Ludzie posłów śledczych
Na rezultaty prac członków komisji śledczych pracuje sztab ludzi - m.in. eksperci, biegli, stali doradcy. Prace najnowszej sejmowej komisji powołanej do zbadania Orlengate mogą kosztować nawet 1 mln zł.
Jako pierwsi przed orlenowską komisją stawią się ministrowie skarbu i gospodarki. Termin przesłuchania - najbliższa sobota. I choć to sejmowi śledczy spijać będą medialną śmietankę, to przecież pracuje na nich sztab ludzi.

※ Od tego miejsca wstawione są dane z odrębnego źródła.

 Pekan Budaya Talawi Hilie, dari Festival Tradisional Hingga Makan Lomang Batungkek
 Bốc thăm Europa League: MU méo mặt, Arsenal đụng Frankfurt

Kim zatem są ludzie z zaplecza intelektualnego komisji śledczej? Od strony organizacyjnej nad wszystkim czuwają 4 osoby z sekretariatu komisji. - Przygotowują prace komisji, spisują protokoły, zapewniają obsługę techniczną komisji, czyli trzymają wszystko w ryzach - mówi Tomasz Nałęcz, szef komisji śledczej badającej sprawę Rywina.
Nie mniej ważna jest praca ekspertów i biegłych. - Na to trzeba zwrócić uwagę, aby to byli dobrzy fachowcy, ponieważ za ich pomocą można też wiele rzeczy zablokować - zwraca uwagę Zbigniew Wassermann, doświadczony już w boju członek komisji do spraw służb specjalnych.
Komisja to także stali doradcy. - Każdy członek powinien mieć swojego osobistego (doradcę - przyp. red.) - uważa Józef Gruszka, szef komisji, badającej aferę wokół PKN Orlen. - To są oczy, uszy i znaczna część umysłu - potwierdza Nałęcz.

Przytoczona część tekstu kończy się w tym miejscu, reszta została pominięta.